**WORK ORDER**.
For this exercise, print the listing below exactly, without its pictures.

**DATASET EXTRACT**.
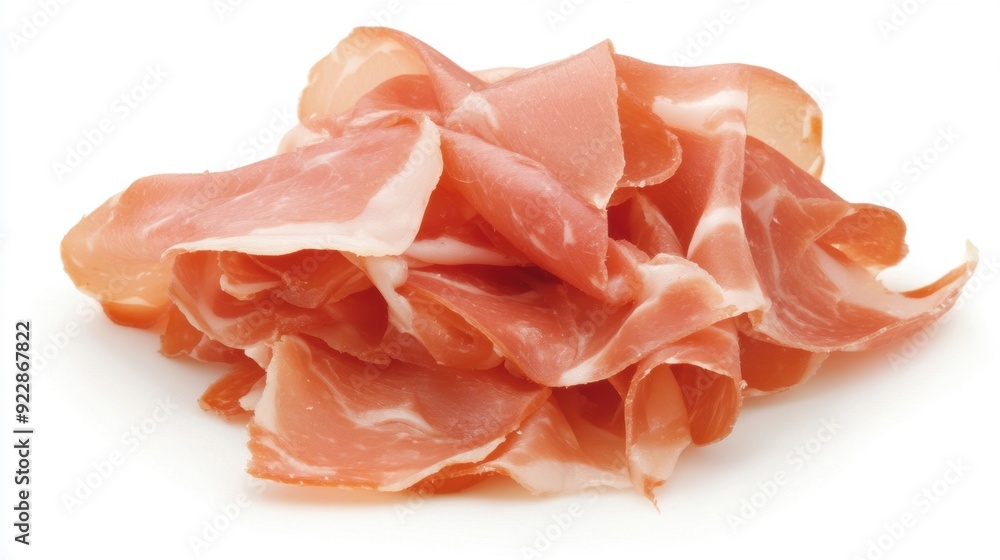 A generous portion of thinly sliced prosciutto waiting to enhance a delicious charcuterie board A generous portion of thinly sliced prosciutto waiting to enhance a delicious charcuterie board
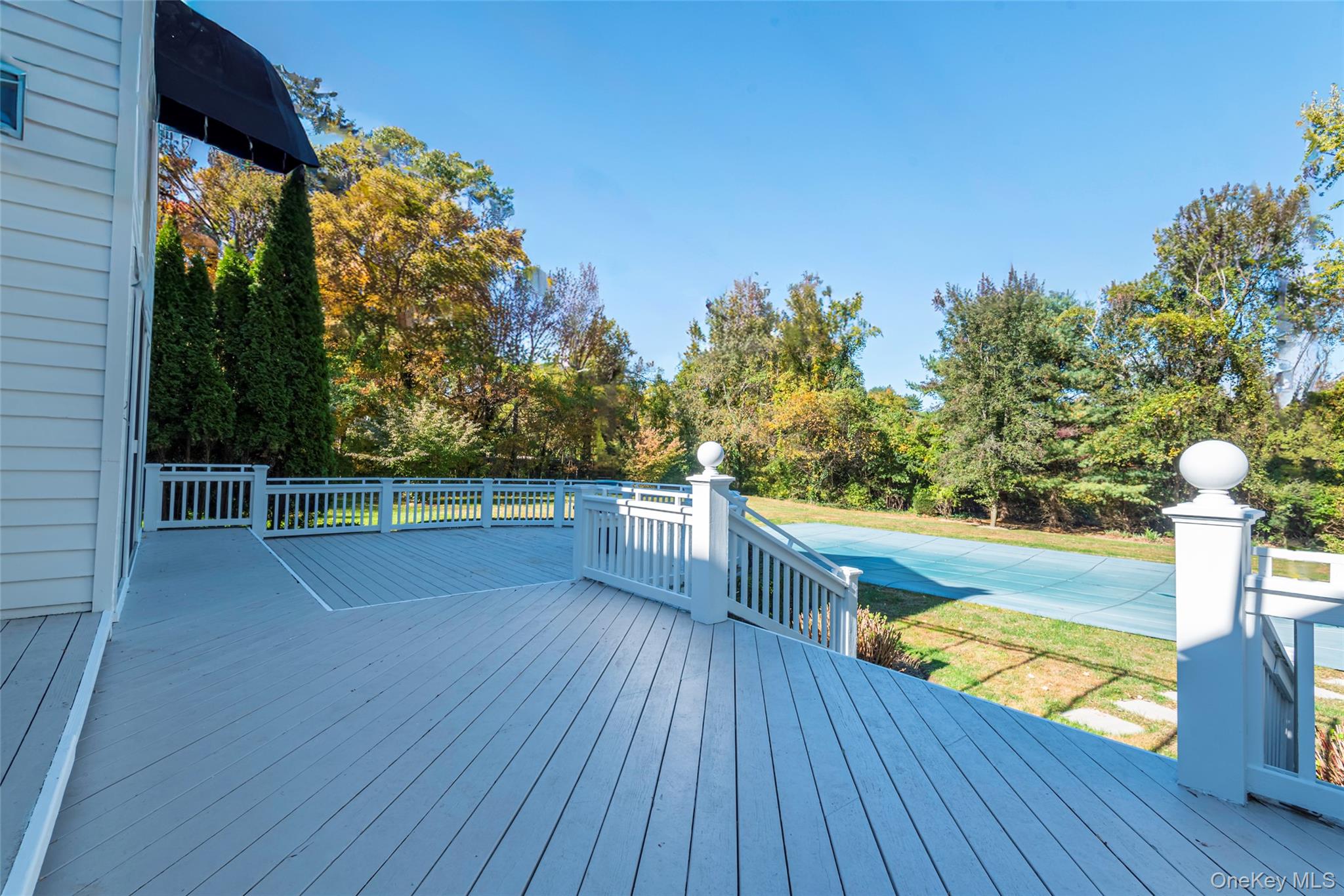735 Remsens Lane Upper Brookville, NY 11771 - Photo 35 of 44 Deck featuring a lawn and a swimming pool
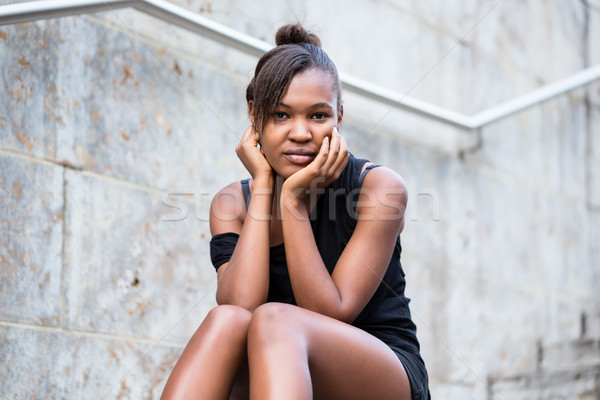 Portrait of young African American woman looking at camera while Stock photo © Kzenon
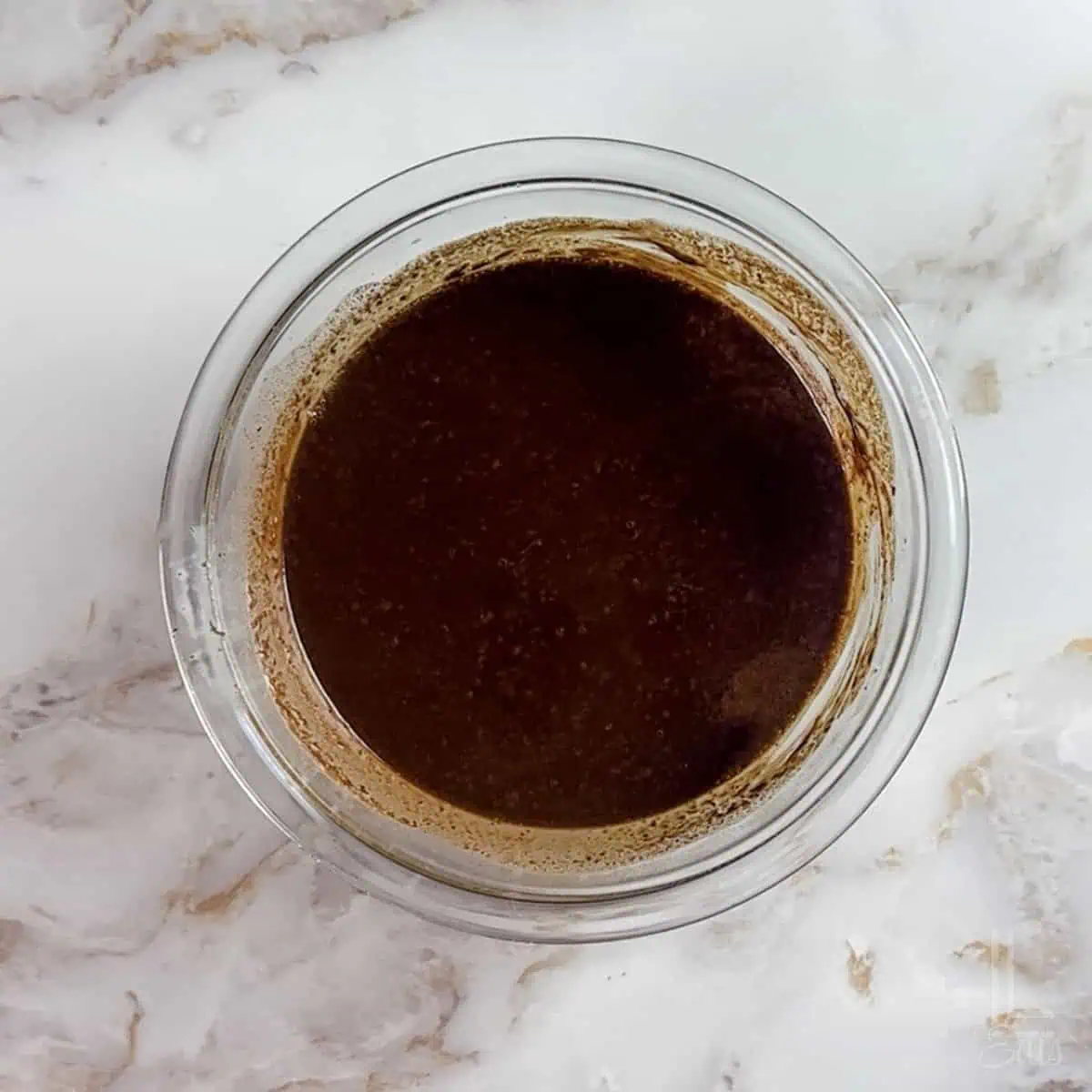 showing the milk/chocolate mixture after microwaving, melted.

**SOLUTION FOR THIS PROBLEM**.
 A generous portion of thinly sliced prosciutto waiting to enhance a delicious charcuterie board A generous portion of thinly sliced prosciutto waiting to enhance a delicious charcuterie board
735 Remsens Lane Upper Brookville, NY 11771 - Photo 35 of 44 Deck featuring a lawn and a swimming pool
 Portrait of young African American woman looking at camera while Stock photo © Kzenon
 showing the milk/chocolate mixture after microwaving, melted.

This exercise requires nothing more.